Introduction to Statistics
Statistics is the science of collecting, analyzing, interpreting, presenting, and organizing data. It helps in decision making using data.
It provides tools to quantify uncertainty, summarize patterns, and draw conclusions about populations from samples.
Two main branches are:
- Descriptive Statistics: Summarizes and visualizes data (mean, median, distributions).
- Inferential Statistics: Uses samples to make generalizations about populations (confidence intervals, hypothesis tests).
Basic Concepts
Types of Data
- Qualitative / Categorical Data
- Quantitative / Numerical Data
- Discrete vs Continuous
Data type determines which statistical methods are valid and how to visualize results.
Measures of Central Tendency
Mean: μ = (Σx)/n
Median: Middle value
Mode: Most frequent value
Mean is sensitive to outliers, while median is robust for skewed distributions.
Measures of Dispersion
Variance: σ² = Σ(x-μ)² / n
Standard Deviation: σ = √σ²
Range: Max - Min
Dispersion measures describe variability; higher variance means data is more spread out.
Probability
Probability quantifies uncertainty and provides a framework for modeling random events.
P(Event) = Number of favorable outcomes / Total outcomes
Example: Probability of rolling a 3 on a dice = 1/6
Key concepts include independent vs dependent events, conditional probability, and Bayes’ theorem.
Probability Rules
- Addition Rule: P(A or B) = P(A) + P(B) - P(A and B)
- Multiplication Rule: P(A and B) = P(A) * P(B|A)
- Complement Rule: P(not A) = 1 - P(A)
Conditional probability is critical in real-world decision making:
P(A|B) = P(A and B) / P(B)
Bayes: P(A|B) = P(B|A)P(A) / P(B)
Statistical Distributions
Normal Distribution
Symmetrical bell-shaped curve, mean = median = mode.
PDF: f(x) = (1/(σ√2π)) * e^(-(x-μ)²/(2σ²))
The normal distribution underpins many statistical methods due to the Central Limit Theorem.
Binomial Distribution
P(X=k) = C(n,k) * p^k * (1-p)^(n-k)
Models the number of successes in fixed trials; common in A/B testing and yes/no outcomes.
Poisson Distribution
P(X=k) = (λ^k * e^-λ)/k!
Models event counts over a fixed interval; often used for arrival rates and rare events.
Correlation & Regression
Correlation
r = Σ((X-meanX)(Y-meanY)) / √(Σ(X-meanX)² * Σ(Y-meanY)²)
- Measures strength & direction of relationship
Correlation ranges from -1 to +1 and captures linear association, not causation.
Simple Linear Regression
Y = a + bX
b = Σ((X-meanX)(Y-meanY)) / Σ(X-meanX)²
a = meanY - b*meanX
Regression models predict outcomes; evaluate fit using R² and residual analysis.
Advanced Statistics
Hypothesis Testing
Steps:
- Formulate null & alternative hypotheses
- Choose significance level (α)
- Compute test statistic (Z, t, χ²)
- Compare with critical value or p-value
- Accept/Reject H₀
Focus on effect size and confidence intervals, not just p‑values.
ANOVA (Analysis of Variance)
F = Variance between groups / Variance within groups
Use ANOVA to compare means across 3+ groups; follow with post‑hoc tests if significant.
Chi-Square Test
χ² = Σ((Observed - Expected)² / Expected)
Chi‑square tests independence in categorical data and goodness‑of‑fit to expected distributions.
Time Series & Forecasting
Analyze trends, seasonality, and make predictions using moving averages or exponential smoothing.
Advanced forecasting uses ARIMA or exponential smoothing state space models when patterns are complex.
Descriptive Statistics
Descriptive Statistics is a branch of statistics that focuses on summarizing, organizing, and describing data.

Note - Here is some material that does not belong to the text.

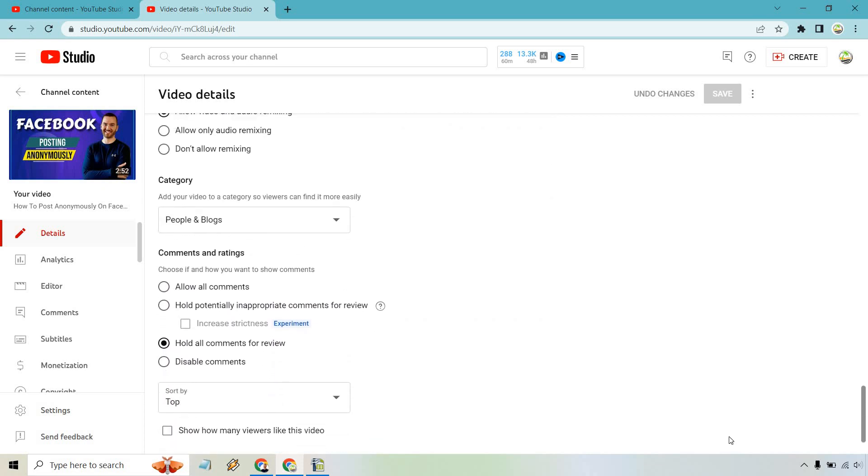Which is going to be right there, and you can do 'Show how many viewers like this video.' So once again, if you want to show it, you can check it off. If you don't want to show them, uncheck it. And of course, after you are done, make sure you save your settings and you're going to be good to go.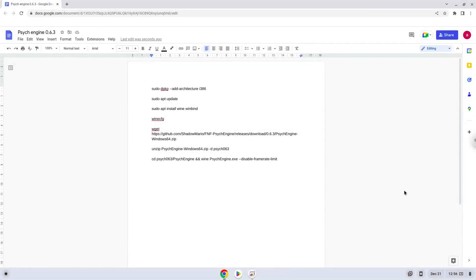Hello. Today we are looking at how to install Syc Engine 0.6.3 on a Chromebook. Please take note that you need a Chromebook with an Intel or AMD processor.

It helps us understand what the data represents without making predictions.
- What is the average?
- How spread out is the data?
- Where do most values lie?
It focuses on summarizing data without making inferences about a larger population.
1. Types of Descriptive Statistics
- Measures of Central Tendency
- Measures of Dispersion
- Measures of Position
- Graphical Representation
2. Measures of Central Tendency
These describe the central value of the dataset.
🔹 Mean (Arithmetic Average)
Formula: Mean = Σx / n
The mean is sensitive to outliers; for skewed data, use median or trimmed mean.
Python Example:
In practice, also review distribution shape (skewness, kurtosis) to interpret these measures correctly.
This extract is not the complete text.